La inercia de un tren enganchado a su vía. 

Seguro bloqueado en su matriz férrea. 

Máquina forzada de la que saltan chispas. 

 

Funciono con carbón, con tizón del malo. 

Me prendo con la mecha que calienta mi silueta.

Tumulto de partículas que topan la bandera. 

Presidio abarrotado y vestido de paisano. 

 

Albergo combustiones, se suceden por segundos.

Páginas de un blog que se descorre en mi retina. 

Tan fútil como el tiempo fugado por el túnel

o el viento que levanta escarpias en mi cima. 

 

Arranqué tus notas de limón y hierbabuena.

Vorágine batida emulsionada en la desidia. 

Materia demacrada drenada por tu fístula.

Yacente y en escorzo, soy saco de mis vísceras. 

 

Mi mal no tiene anclajes. Nada lo retiene.

Ni tu súplica llorada ni tu pellizco hiriente.

No quiero que me devuelvas ni un ápice de calma.

He olvidado el respiro que me dabas cada viernes.

 

Ya no hay paisajes que existan más afuera. 

Me consumo como atmósfera extinta de pureza.

He teñido cada rincón del tedio que me afana. 
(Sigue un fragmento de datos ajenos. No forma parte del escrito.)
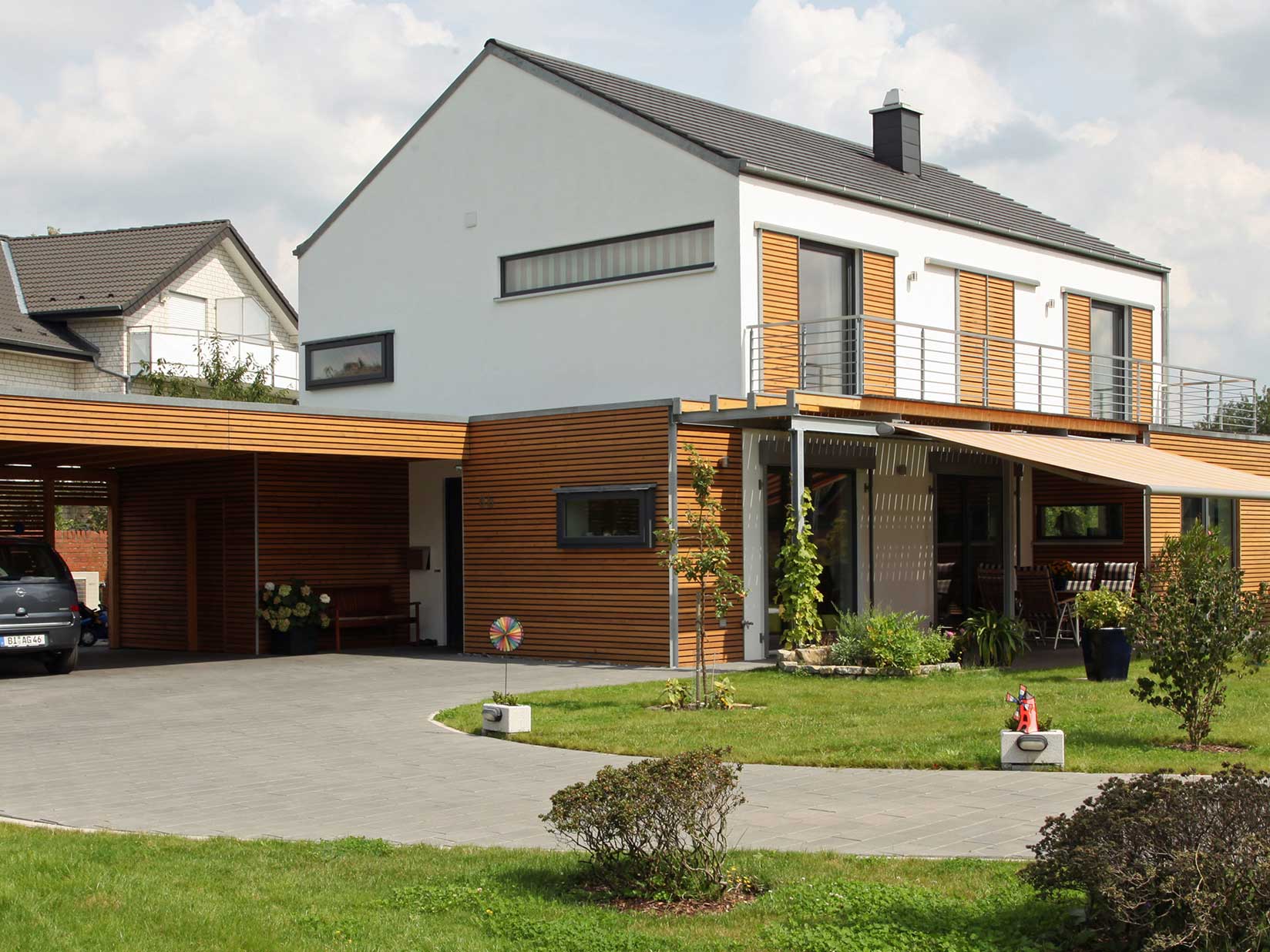 Modernes Einfamilienhaus mit Holzverkleidung und Carport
Escupo deflagraciones de muchas balas huecas. 

 

Y en toda esta catarsis de nada o servidumbre, 

un ser chillón se cuela en mi conciencia.

Es el maquinista uniformado. El rostro de una grieta.

Presencia inhumana que se acomoda en el sillón.

Violenta el volante que apunta al horizonte. 

Descarrila mi vida y me despierta el dolor.